▶ _Task details_
From the listing that follows, reproduce only the lines from the one holding "Cabin 2 Hickory" through the one holding "Used Hyundai Elantra", both included, with no pictures.

▶ _Material for this task_
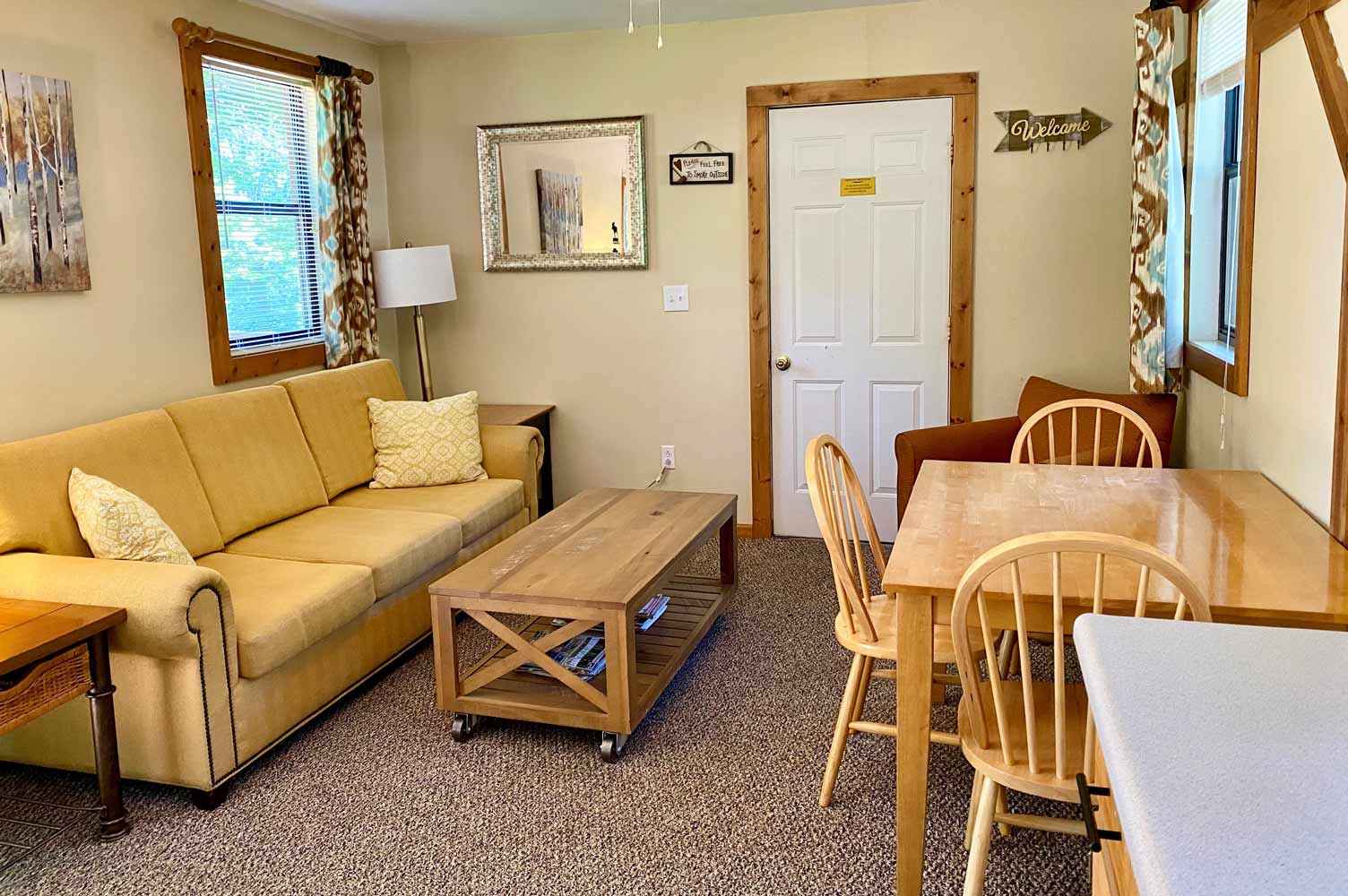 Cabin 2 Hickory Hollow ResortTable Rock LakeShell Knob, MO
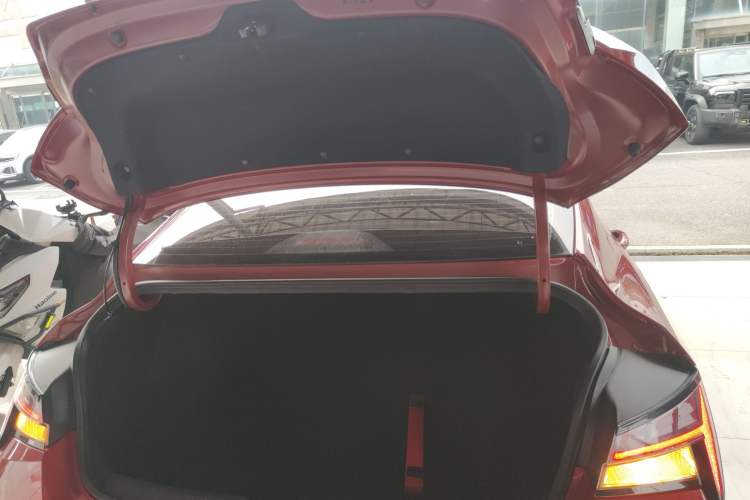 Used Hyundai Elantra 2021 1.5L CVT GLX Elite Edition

...

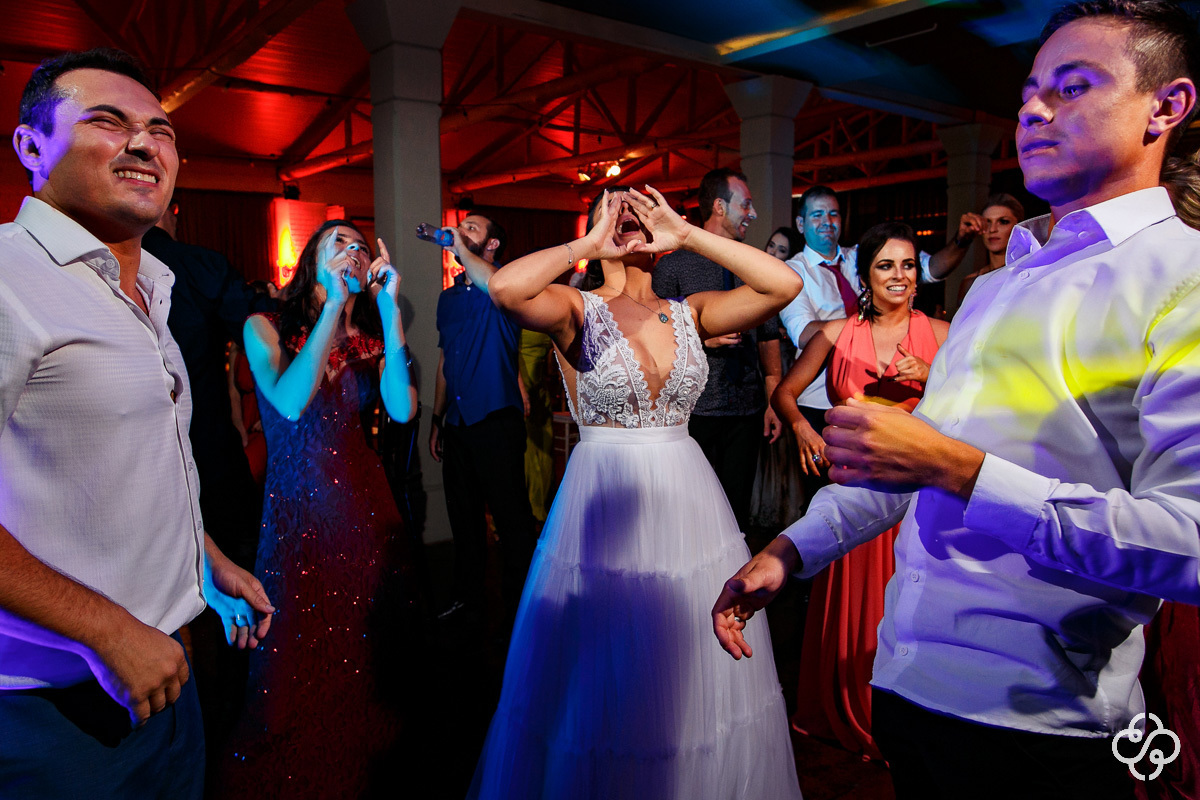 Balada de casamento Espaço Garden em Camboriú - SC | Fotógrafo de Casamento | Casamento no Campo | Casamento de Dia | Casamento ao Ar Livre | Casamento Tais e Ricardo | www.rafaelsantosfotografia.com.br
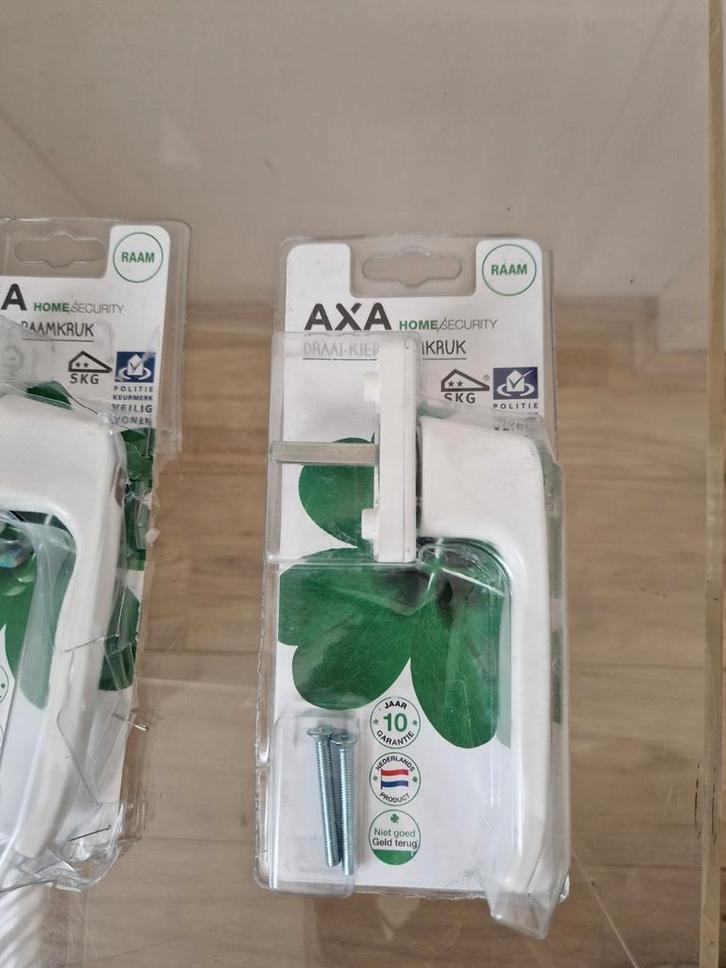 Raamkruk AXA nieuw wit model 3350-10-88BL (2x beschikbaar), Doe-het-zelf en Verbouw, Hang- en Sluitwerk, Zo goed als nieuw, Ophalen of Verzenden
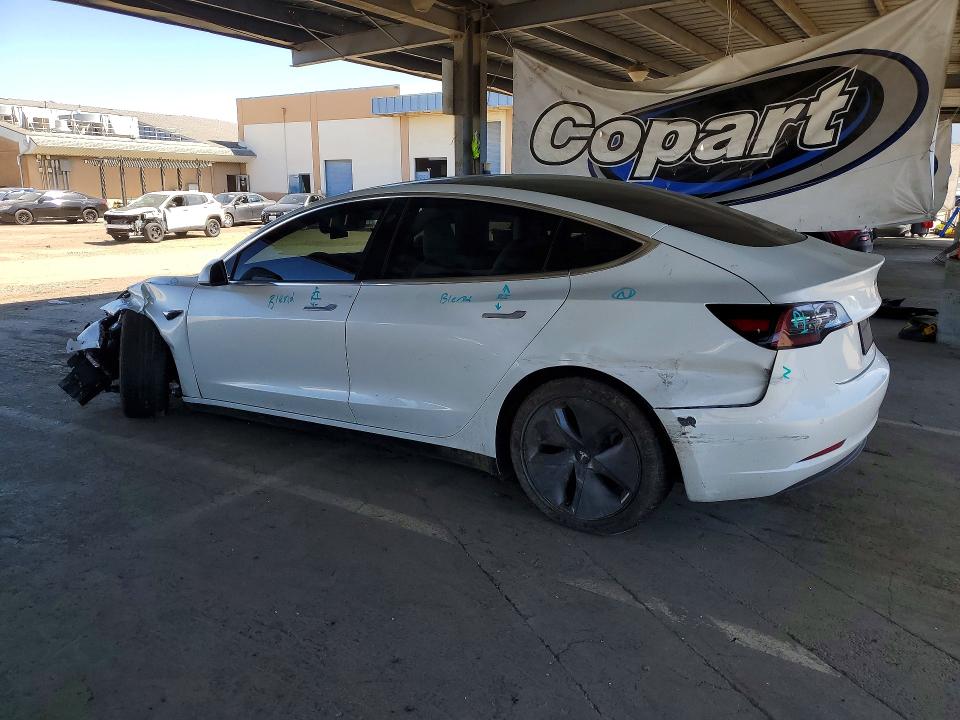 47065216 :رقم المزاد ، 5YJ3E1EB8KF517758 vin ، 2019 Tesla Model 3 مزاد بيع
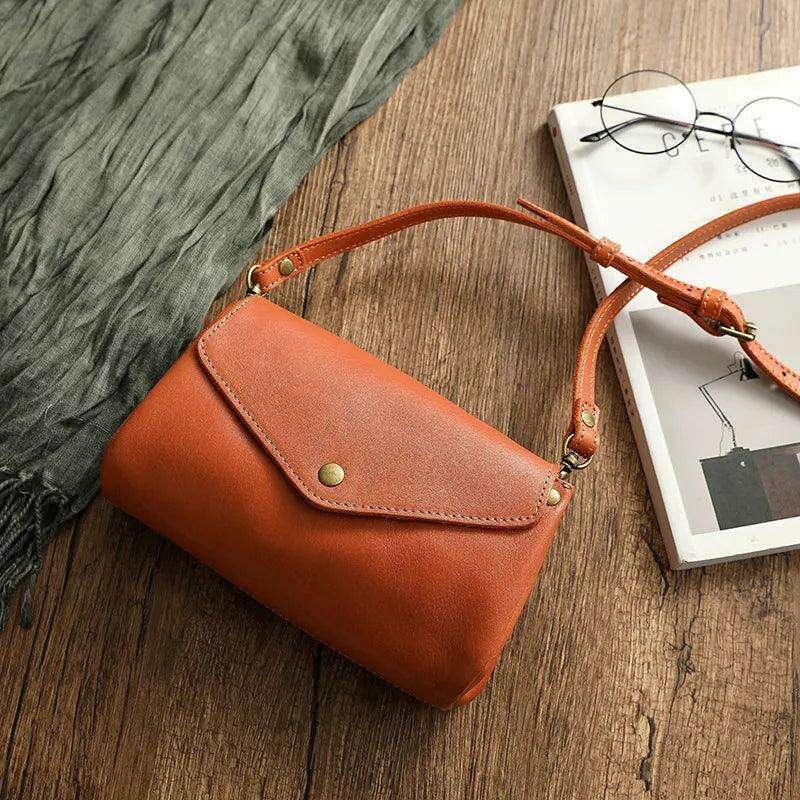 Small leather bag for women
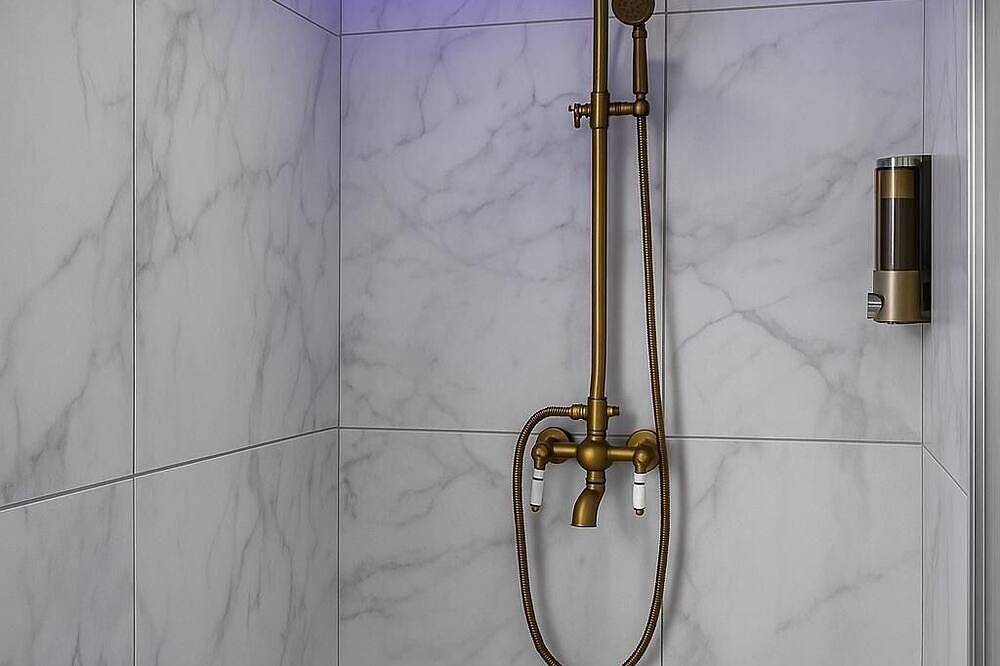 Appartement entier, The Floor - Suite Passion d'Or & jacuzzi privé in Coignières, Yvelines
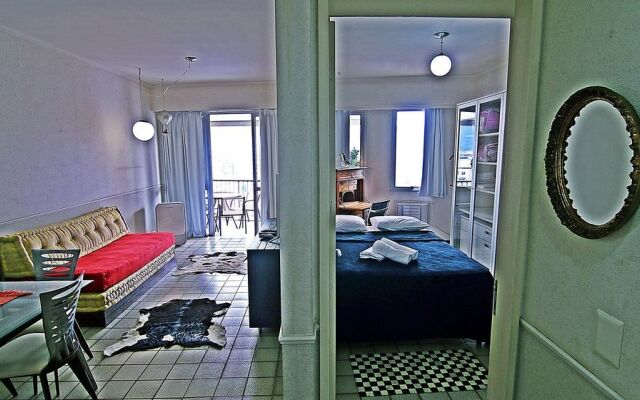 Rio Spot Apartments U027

▶ _Answer for this exercise_
 Cabin 2 Hickory Hollow ResortTable Rock LakeShell Knob, MO
 Used Hyundai Elantra 2021 1.5L CVT GLX Elite Edition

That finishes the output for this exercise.